Penguin Classics H.P. Lovecraft: The Call of Cthulhu and Other weird stories has a good collection and the preface states that the stories have been restored based on Lovecraft’s notes. and I have to say it is pretty dang good so far
Oh the Cthulhu Mythos. Nobody had ever conceived anything quite like it before good old Howard put his pen to paper to adapt the weird dreams he had. Most if not all fiction before him posited that humanity was the end all be all of all things before he emerged to turn that notion completely on its head.
What makes us so special in the cosmos? Nothing. we are but insignificant, irrelevant little microbes on a tiny speck circling the sun like electrons orbiting the nucleus of an atom, and our puny little galaxy might as well be an atom compared to the endless, perpetually expanding, void of a callous universe. Our race and all its accomplishments and values mean little if anything at all to the greater universe and are ultimately transient, doomed to inevitably fade away before the inexorable forces of time and change.
These concepts were embodied by the various beings and races of the Mythos. Like cosmic forces instead of living creatures, they defied all man’s laws and their mere presence or appearance were enough to drive anyone completely insane.
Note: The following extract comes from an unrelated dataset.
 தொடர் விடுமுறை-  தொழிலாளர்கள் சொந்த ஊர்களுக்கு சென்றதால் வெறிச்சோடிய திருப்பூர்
They could exterminate us all with barely any effort, but it is likely they know we’re not even worth the effort, they’re in a state of slumber or imprisonment like the Great Old Ones and probably eventually will, or simply don’t notice us at all.
Of course, there were other little touches that made Lovecraft’s work unique like his penchant for using more colourful adjectives like “eldritch”, “blasphemous”, and “squamous”, but these things are only the tip of the iceberg of Lovecraft. What made his writing truly unique was his ability to create and convey things completely alien and remote from our experience along with the opposite ability to create atmosphere by hinting at the indescribable without completely describing it. This leaves the horror of his work very ambiguous, but Lovecraft still included more directly chilling settings and situations like being pursued by flying polyps through subterranean ruins in his stories. Allusions to terrible things like the Necronomicon and terrible beings like Nyarlathotep and Yog-Sothoth created atmosphere and connections between his stories, giving them a scale larger-than-life.
per adonai eloim, adonai jehova, adonai sabaoth, metraton on agla mathon, verbum pythonicum, mysterium salamandrae, conventus sylvorum, antra gnomorum, daemonia coeli gad, almousin, gibor, jehosua, evam, zariatnatmik, veni, veni, veni.